When it was all over, Mr. Obama, his Mandarin language lesson over, apologized: "All right, everybody. Thank you so much for your patience, due to the technical difficulties."

The White House later told CNN that it was the Chinese who requested the type of translation used: "consecutive" in which the speaker says his piece, then waits for it to be translated. All it requires, it seems is a little patience.

Filed under: President Obama • White House
soundoff (7 Responses)
  1. Comedian Rush Limbaugh mocked the Chinese language today . . .

    demonstrating his civility, good taste and moderation once again

    January 19, 2011 07:30 pm at 7:30 pm |
  2. Claudia, Houston, Tx

    That's why he's called President Obama, he's as saavy and sharp as they come, knowing what to say and when to shut it down.

    January 19, 2011 07:39 pm at 7:39 pm |
  3. oldguy

    "When it was all over, Mr. Obama, his Mandarin language lesson over, apologized: 'All right, everybody. Thank you so much for your patience, due to the technical difficulties'."

    Where in the heck did THAT come from? The story is about mis-cues. Nothing about mis-interpretation of Mandarin... The quality of the writing and editing on these CNN website stories is really incompetent on a day-to-day basis.

    January 19, 2011 08:34 pm at 8:34 pm |
  4. George

    You ever notice how those Chinese interpreters always "look" Chinese? So how can ya trust em? China has way too many people for them to be nit picking themselves about human rights. They can't afford to have political dissenters running around stirring up trouble, and considering the age of the country and people,if I were Chinese, I would be offended by the infant USA telling me how to run my society.

    January 19, 2011 11:00 pm at 11:00 pm |
  5. J.V.Hodgson

    I am completely at a loss as to why this is considered so important and news worthy.
    Hu Jintao's answer in the end was a perfectly reasonable response.
    Why was it not part of this report.
    Regards ,

    January 20, 2011 12:28 am at 12:28 am |
  6. jules sand-perkins

    Like it or not, the USA will be closely related to China for a long time. It's fine with me: I like silk and friendly dogs bred for palace use.
    Instead of throwing ignorantly devised terms like "dictator" at our neighbors, as Harry Reid tried to pull off, it would be to our advantage to examine China's long cultural history in relationship to "human rights," the issue of the "translation" confusion.
    It is helpful to compare
    America's Puritanical heritage, as exemplified by Baptist-church protests against homosexuals at military funerals, to Chinese yin/yang concepts and their often gender-neutral literature in relationship to such human rights issues as gay marriage, the need for population control, and abortion in our separate but powerful nations.
    There's a lot more to China than Mao's Little Red Book: it's enormously helpful to be able to talk to others, and not to dismiss any complex item as "lost in translation."

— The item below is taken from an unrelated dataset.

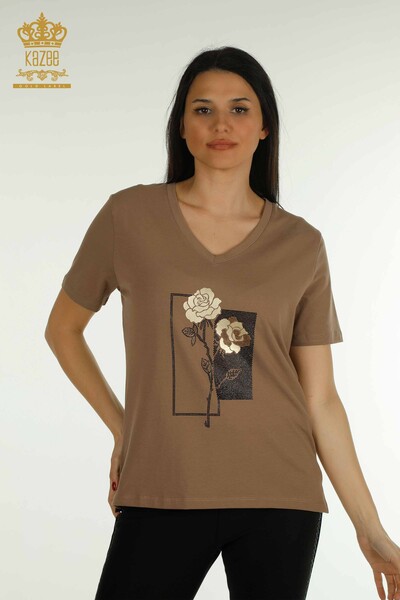Toptan Kadın Bluz Çiçek Nakışlı Kahve - 79860 | KAZEE - Thumbnail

    January 20, 2011 06:15 am at 6:15 am |
  7. vikingslost

    Thank you President Obama for receiving President Hu Jintao of China in a most gracious and hospitable way.

    This has been the first time in 13 years that China participated in the U.S. in such a fashion.

    Though there are some differences between the countries in human rights, Hu Jintao did say that China is at a different stage in its development than America. President Obama has brought the two countries closer together which in no way can be construed as negative.